Solutions. A modified rabbit Ringer solution, used throughout the studies as dissection buffer, superfusion bathing buffer, and perfusing solution, consisted of the following (in mM): 110 NaCl, 25 NaHCO3, 5 KCl, 2 Na2HPO4, 1.8 CaCl2, 1 MgSO4, 10 sodium acetate, 8.3 D-glucose, 5 L-alanine, 4 lactate, and 0.9 glycine; adjusted to pH 7.4 with HCl or NaOH. This solution was gassed continuously with 95% O2-5% CO2 to maintain the pH. The bathing medium also contained 3 g/100 ml neutral dextran (40,000 ± 3,000 mol wt) to approximate the plasma protein concentration. The osmolarity of the solution was ~290 mosmol/kgH2O.
Preparation of isolated tubules. New Zealand White rabbits, purchased from Myrtle's Rabbitry (Thompson Station, TN), were killed by intravenous injection of pentobarbital sodium. The kidneys were flushed via the renal artery with an ice-chilled solution containing 250 mM sucrose and 10 mM HEPES, adjusted to pH 7.4 with Tris base. They were then gently removed and sliced transversely using a single-edge razor. A kidney slice was placed in a petri dish containing ice-chilled dissection buffer aerated with 95% O2-5% CO2. Dissection of tubules from a slice was performed manually from the cortical zone without the aid of enzymatic agents. All dissections were performed at 4°C, but all experiments were performed at 37°C. We used only proximal S2 segments in this study because the S2 segment of the rabbit proximal tubule is the primary site of OA (e.g., PAH) secretion (27).
Perfusion of tubules. The in vitro perfusion technique used in these studies was the same as that described previously (4, 5) with some modification so that the collecting pipette had a length of uniform diameter that could be positioned parallel to the bottom of bathing chamber to serve as a flow-through cuvette as described previously (20). Briefly, each isolated tubule was transferred into a custom-made, temperature-controlled chamber with a coverslip as the bottom. Both tubule ends were held in glass micropipettes, and the tubule was perfused through a micropipette with its tip centered in the tubule lumen at a rate of ~10-15 nl/min. The chamber was continuously superfused with bathing medium at ~3 ml/min, and the temperature of the incoming solution was controlled at 37°C as described previously (20). During perfusion experiments, 1 µM FL was added to the bath, and TMRD was added to the perfusion solution as an indicator of leaks in the tubule. FL at this concentration is well below the Km value of the OA transport system for FL, as shown previously (20).

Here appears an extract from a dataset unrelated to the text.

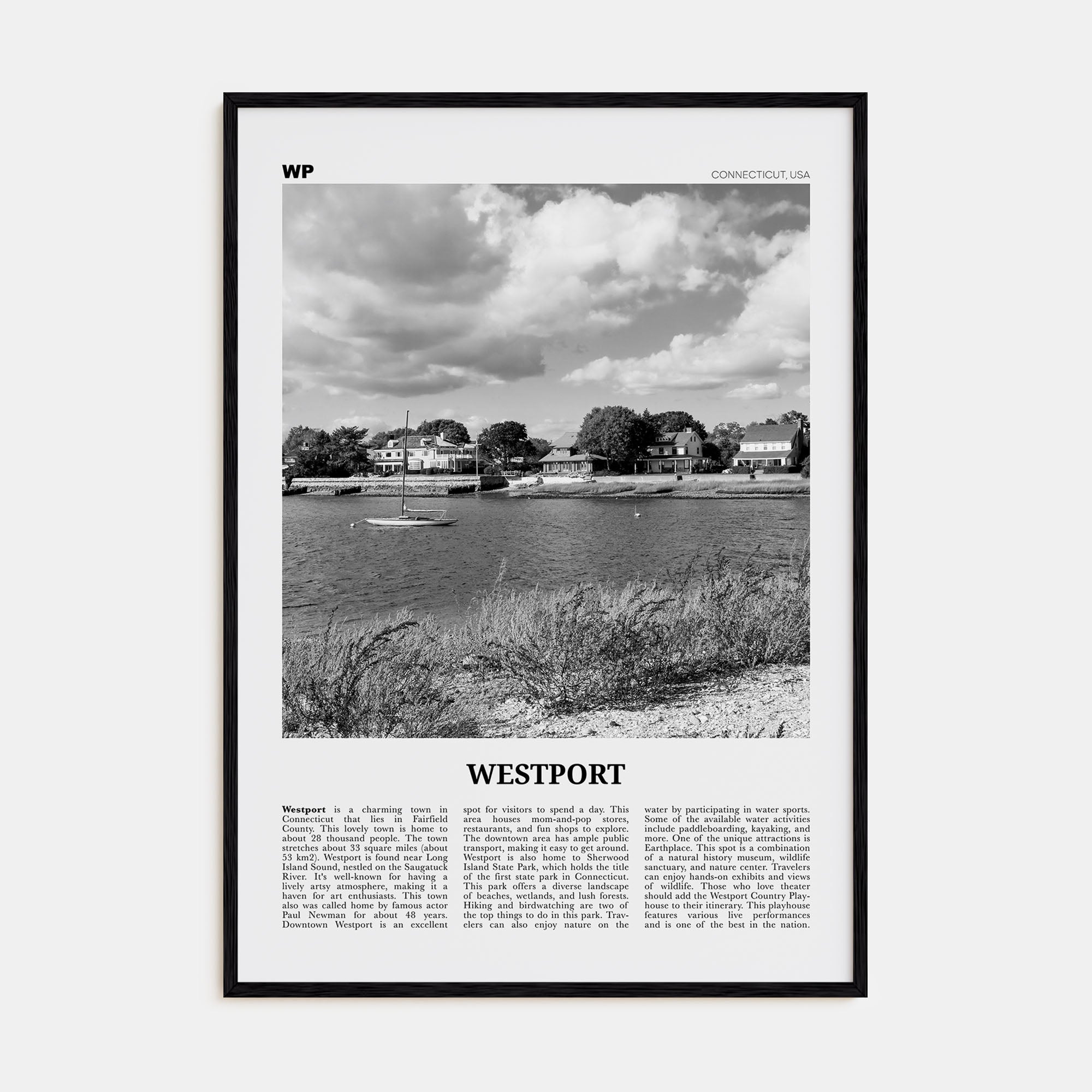 Westport, Connecticut Travel B&W Poster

Determination of FL and TMRD in collected perfusate. As previously described (20), the perfusion chamber was mounted on the stage of an inverted microscope (Olympus IMT-2) fitted with epifluorescence optics. A ×60 oil-immersion objective (1.4 numerical aperture, Olympus) was used to focus excitation light from a 100-W mercury arc lamp and to collect fluorescence emitted from the solution in the collecting pipette. The intensity of excitation light was reduced by a 2.0 neutral density filter (Oreil, Stratford, CT). Both FL and TMRD were excited at 490 ± 10 nm using a band-pass filter (Oriel) for this wavelength. The excitation light was reflected to the sample with a 490 DRLP dichroic filter (Omega Optical, Brattleboro, VT), which passed more than 90% of emitted light above 505 nm. The emission fluorescence was first limited to an area of 50-µm diameter by an iris diaphragm and then separated into two beams by a second dichroic mirror (540 DRLP, Omega Optical). Each emission beam was appropriately filtered (520 ± 10 nm for FL; 580 ± 30 nm for TMRD; Oriel and Omega Optical, respectively) and counted simultaneously by a separate photomultiplier tube (model HC 120-03; Hamamatsu, Bridgewater, NJ) in photon counting mode. The fluorescence intensity was integrated at 1-s intervals and saved for subsequent analysis with a MSC II data acquisition microcomputer interface and software purchased from Oxford Instrument (Oak Ridge, TN). Concentrations of FL and TMRD were determined from standard curves constructed at the end of each experiment by retrograde infusion of known concentrations of FL or TMRD into the collecting pipette while the bathing solution contained either only bathing solution or bathing solution plus the appropriate concentration of FL. The background fluorescence of FL in the bathing medium during transport studies was determined by infusing perfusion solution alone into the collecting pipette while the bathing solution contained the appropriate concentration of FL for that experiment. The autofluorescence and the appropriate FL background counts were subtracted from the counts obtained during net secretion to yield the absolute FL or TMRD counts in the collecting pipette. The photon count was then converted into concentration from the standard curves.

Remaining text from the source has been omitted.